=== Problem details ===
Could all of the entries be written out exactly, with any pictures omitted?

......

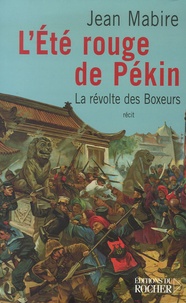 Jean Mabire - L'Eté rouge de Pékin - La révolte des Boxeurs.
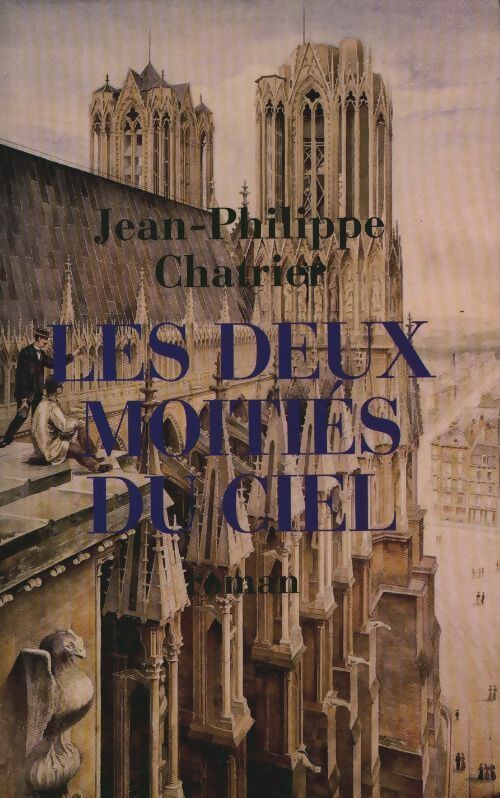 Livrenpoche : Les deux moitiés du ciel - Jean-Philippe Chatrier - Livre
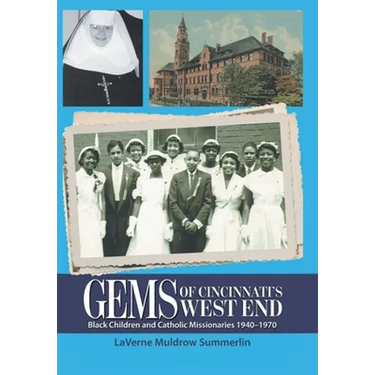 Gems of Cincinnati's West End: Black Children and Catholic Missionaries 1940-1970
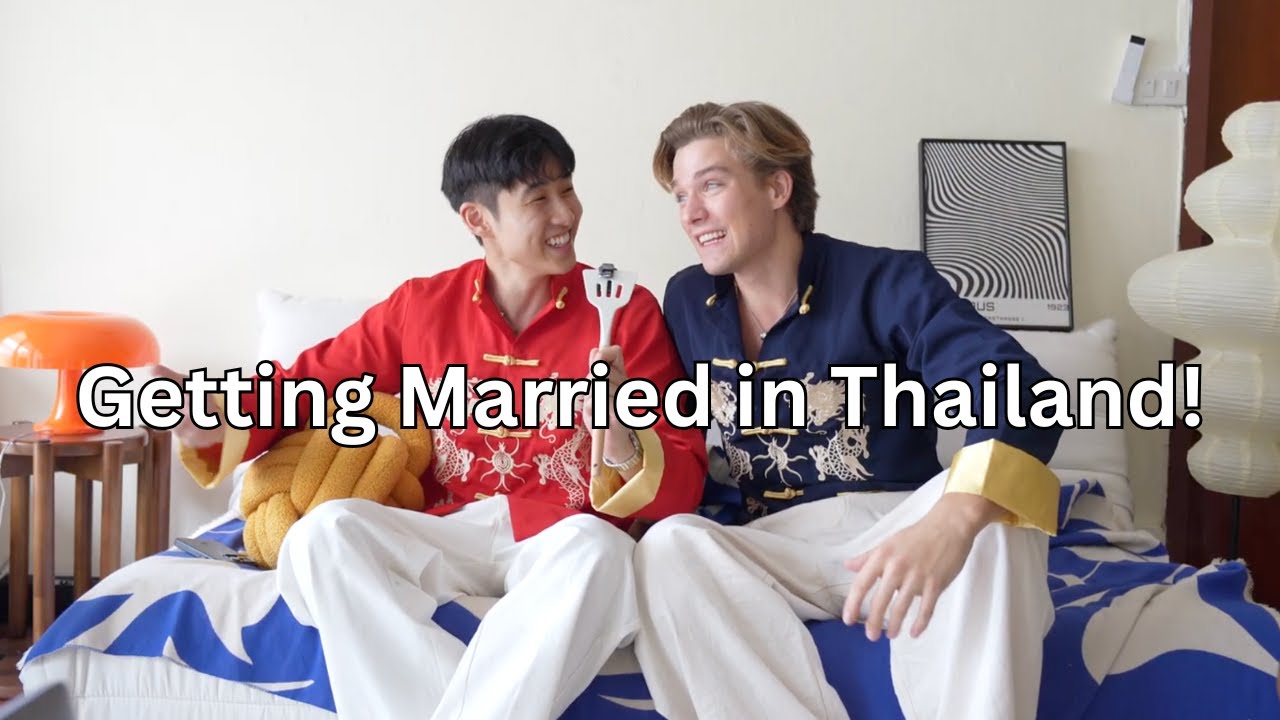 We're Getting Married in Thailand
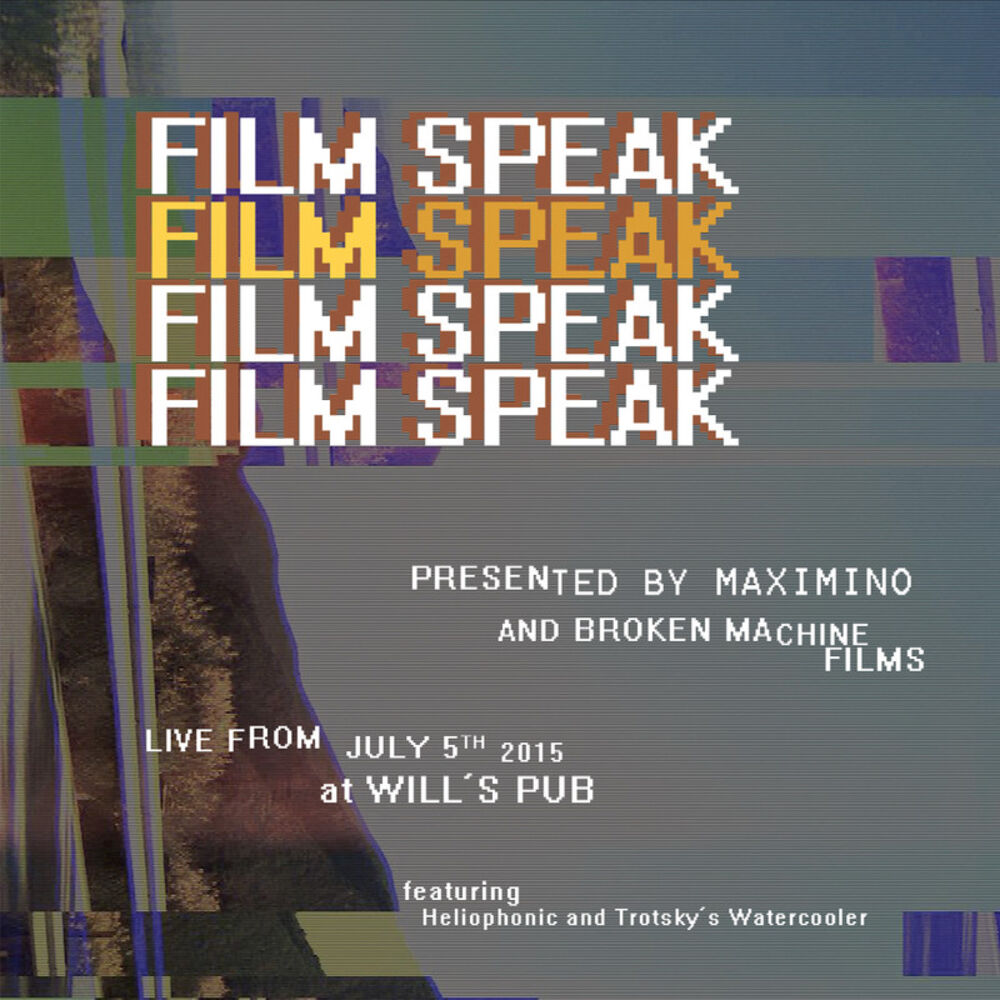 Picture of Film Speak 2: Presented by Maximino and Broken Machine Films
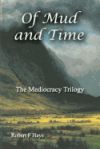 Of Mud and Time: The Mediocracy Trilogy
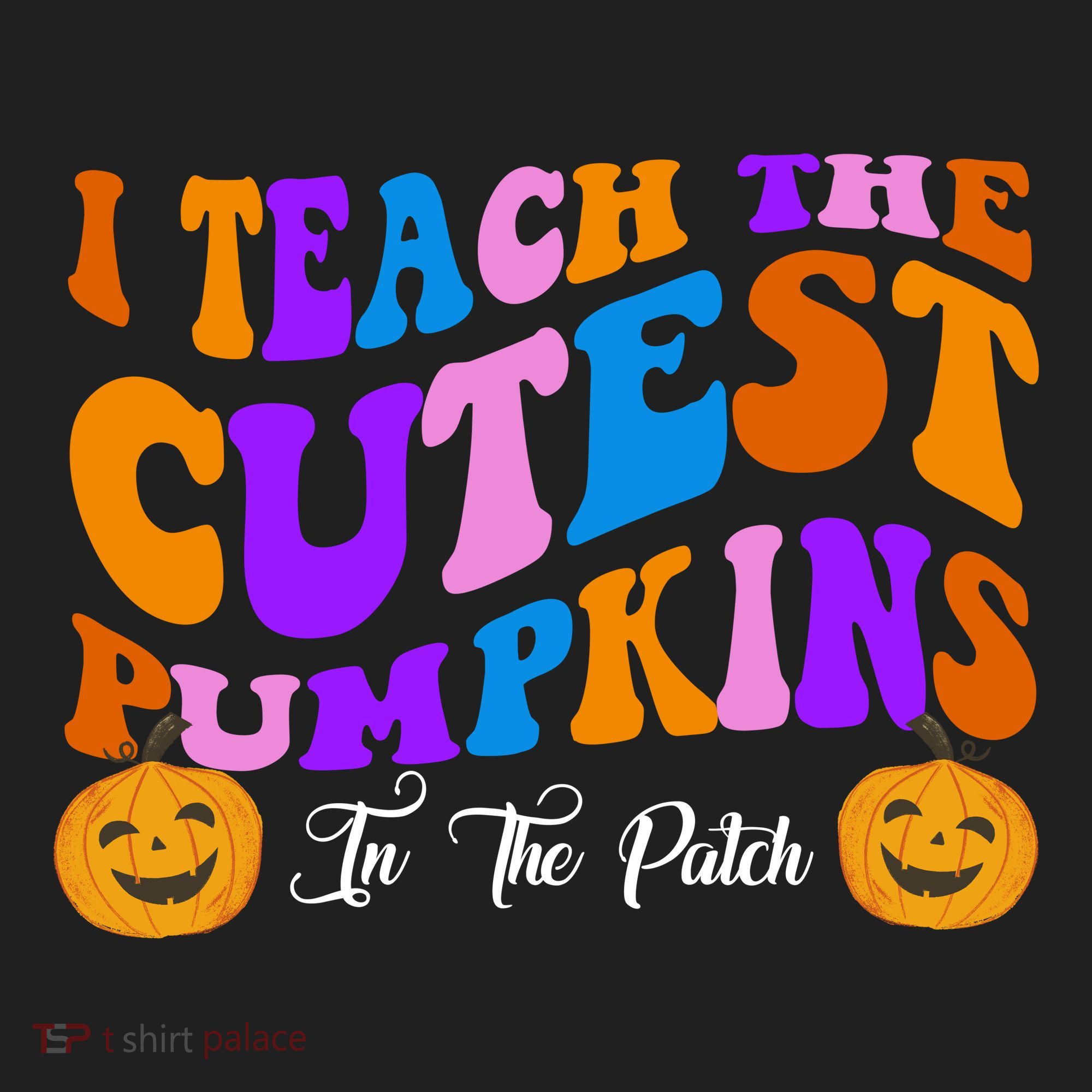 I Teach The Cutest Pumpkins In The Patch Halloween Teacher Women's Sweatshirt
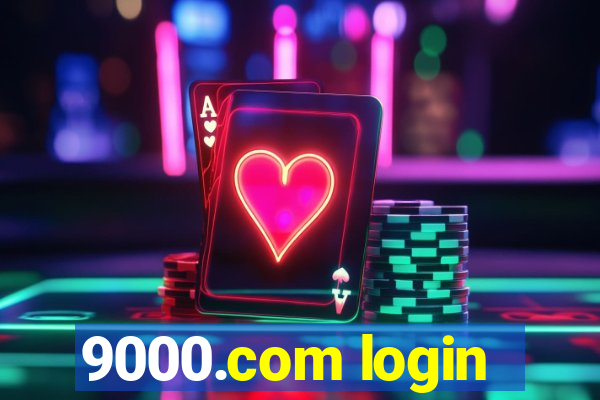 9000.com login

......

=== Exercise response ===
 Jean Mabire - L'Eté rouge de Pékin - La révolte des Boxeurs.
 Livrenpoche : Les deux moitiés du ciel - Jean-Philippe Chatrier - Livre
 Gems of Cincinnati's West End: Black Children and Catholic Missionaries 1940-1970
 We're Getting Married in Thailand
 Picture of Film Speak 2: Presented by Maximino and Broken Machine Films
 Of Mud and Time: The Mediocracy Trilogy
 I Teach The Cutest Pumpkins In The Patch Halloween Teacher Women's Sweatshirt
 9000.com login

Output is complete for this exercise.